3. The present report is based on contributions by the Ministries of Defence, Justice, Interior and Foreign Affairs.
II. General measures of implementation
4. The Optional Protocol was ratified by virtue of Law 3080/2002 (Government Gazette 312A) and entered into force in respect of Greece on 22 November 2003 (in accordance with article 10, paragraph 2 of the Optional Protocol).
5. According to article 28, paragraph 1 of the Constitution, the Optional Protocol, following its ratification by law and its entry into force in respect of Greece, has become an integral part of domestic law and prevails over any contrary provision of the law. Following their incorporation into the Greek legal order, international treaties can be invoked directly before courts and other administrative authorities, insofar as they possess a self-executing character.
6. The Optional Protocol applies to all Greek territory and all persons under the jurisdiction of the Greek State.
7. The main bodies of Armed Forces entrusted with the implementation of the institution of enlistment are the Ministry of National Defence, the Enlistment Directorate of the General National Defence Staff, the Enlistment Directorates of the General Staffs of the Branches (Army-Air Force-Navy), the Enlistment Administrations and the Enlistment Offices. Enlistment Offices are the basic units of the Enlistment Corps of Armed Forces. They are located in the capitals of the country’s prefectures, they are common to all three branches of Armed Forces and their mission is to collect necessary information for enlistment preparation and enlistment and the monitoring of the fulfilment of military obligations by all Greek nationals. They are the main liaison between citizens and Armed Forces. The powers of Enlistment Offices are restricted to all males (subject to enlistment) entered in the male registry of the municipalities and communities of the prefecture in whose capital they are located.
8. National human rights institutions, as well as many important organizations (such as the National Observatory for the Rights of the Children) and non governmental organisations are active on human rights issues, which also include the rights guaranteed in the Optional Protocol.
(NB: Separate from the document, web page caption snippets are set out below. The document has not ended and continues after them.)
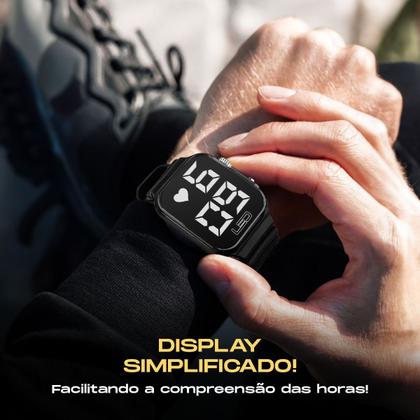 Imagem de Relogio feminino silicone digital ultra prova dagua caixa pulseira ajustavel led preto black piano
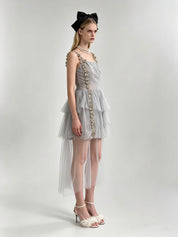 Misty Grey 3D Butterfly Floral Appliqué Draped Bodice Asymmetric Hi-Low Tulle Mini Dress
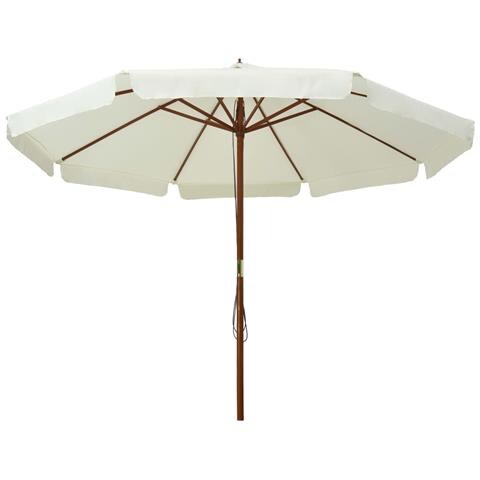 Ombrellone da Esterno con Palo in Legno 330 cm Bianco Sabbia - Foto 2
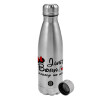 Metallic water bottle, stainless steel, 750ml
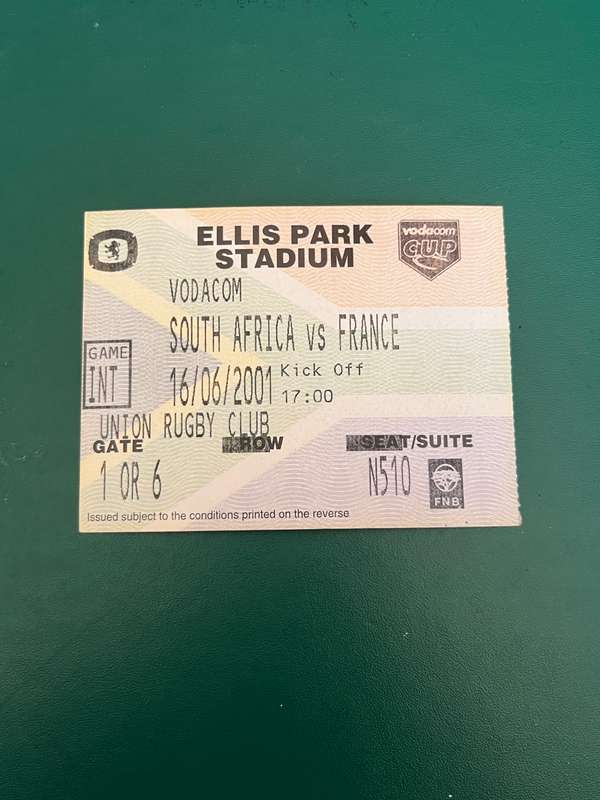 Rugby Ticket - South-Africa vs France Ellispark 16/06/2001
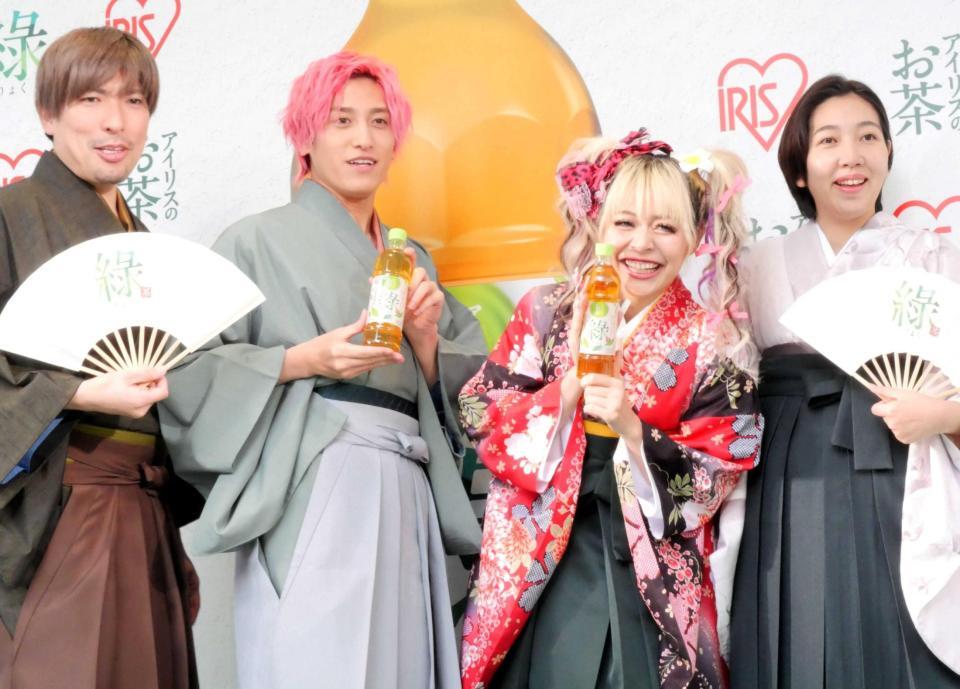 　イベントに出席した（左から）りんたろー。、兼近大樹、荒川、はる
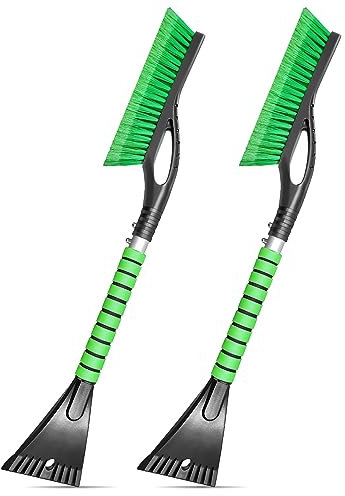 SEAAES Eiskratzer Auto mit Besen - Abnehmbarer Schneebesen Auto - 69cm Stabiler & Langlebiger Scheibenkratzer Auto - Effektiver Auto Eiskratzer Schneebürste für LKW SUV Windschutzscheibe - 2pcs
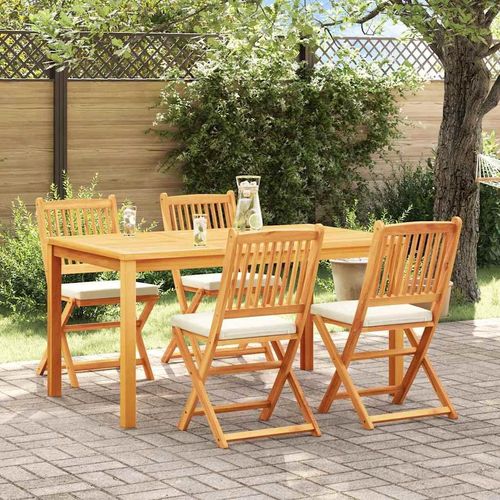 Klappstuhl 4 pcs Weiß 49 x 57,5 x 92 cm Massivholz Akazie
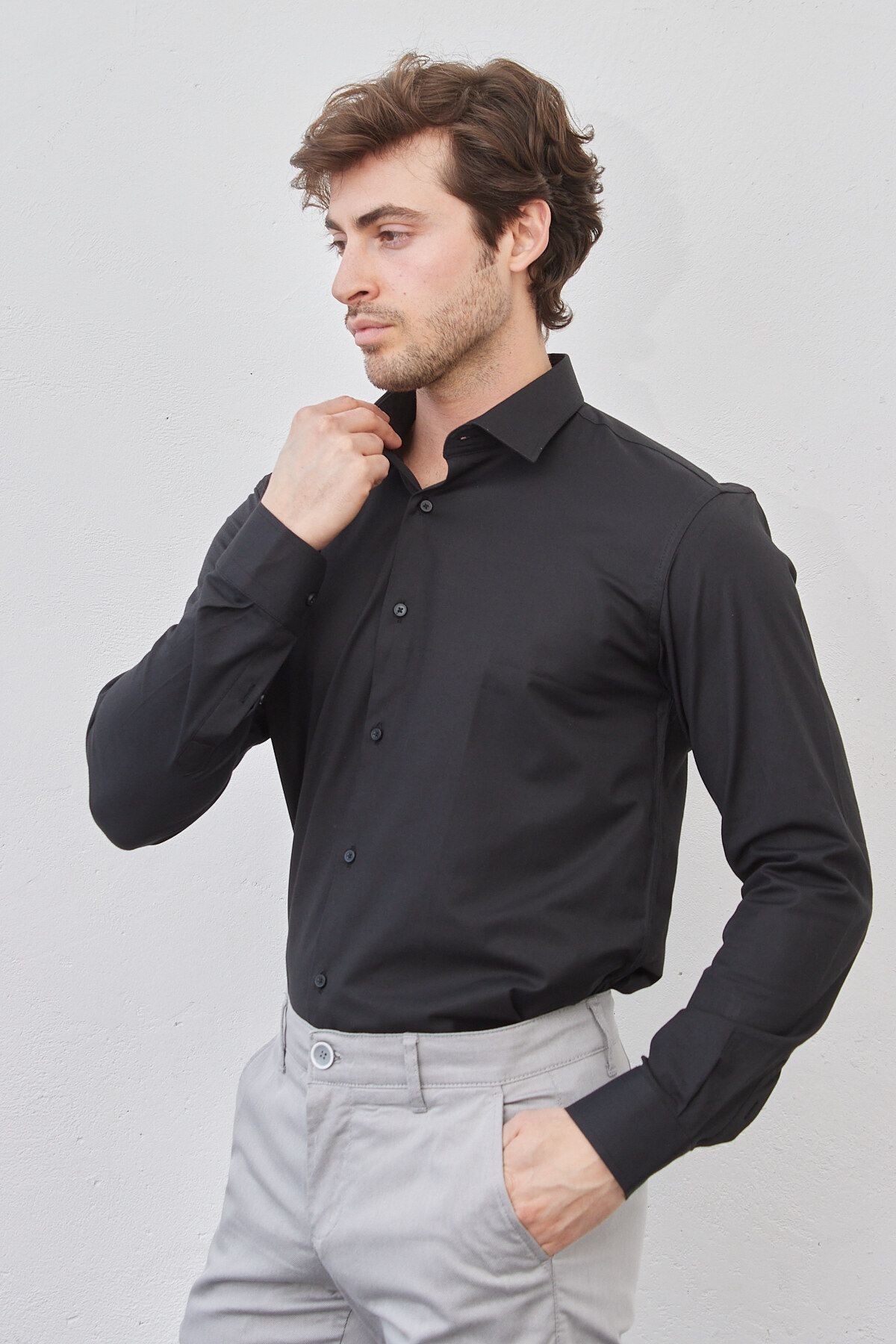 Erkek Beyaz Slim Fit Dar Kesim Pamuklu Oxford Kolay Ütü Klasik Yaka Armürlü Gömlek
9. With regard to national human rights institutions, the Department of Children’s Rights of the Office of the Ombudsman was established by Law 3094/2003. In fulfilment of its mission, the Department mediates in specific cases in which a child’s rights are being violated, following a complaint filed by a citizen, aiming at the protection of the child and at the restoration of his/her rights. If necessary, in cases of serious violations, the Ombudsman acts on his/her own initiative. Moreover, the Department undertakes initiatives in order to monitor and promote the implementation of international conventions and of the national legislation on children’s rights, to inform the public, to exchange views with representatives of other institutions and to elaborate and submit proposals to the Government.
10. The Greek National Commission for Human Rights, founded by Law 2667/1998, provides reports and recommendations to the Greek State aimed at the establishment of a modern, principled policy of human rights protection, including in the field of children’s rights. NCHR reports and recommendations are forwarded to all competent ministries. A number of recommendations contained in NCHR reports have been adopted by the competent authorities.
11. A number of NGOs are active in the field of the protection of children’s rights, including the Marangopoulos Foundation for Human Rights, ARSIS-Social Organization for the Support of the Youth, the Institute for the Health of the Child, “Save the Children”, the Centre for Care of the Family and the Child, the Centre for Support to Children and the Family, the “Smile of the Child”.
III. Prevention (arts. 1, 2, 4, para. 2, and 6, para. 2)
12. The legal status governing the institution of enlistment in Greece is determined by the Constitution of the country (art. 4), the laws of the Greek Parliament and the presidential decrees and ministerial decisions issued in implementation thereof.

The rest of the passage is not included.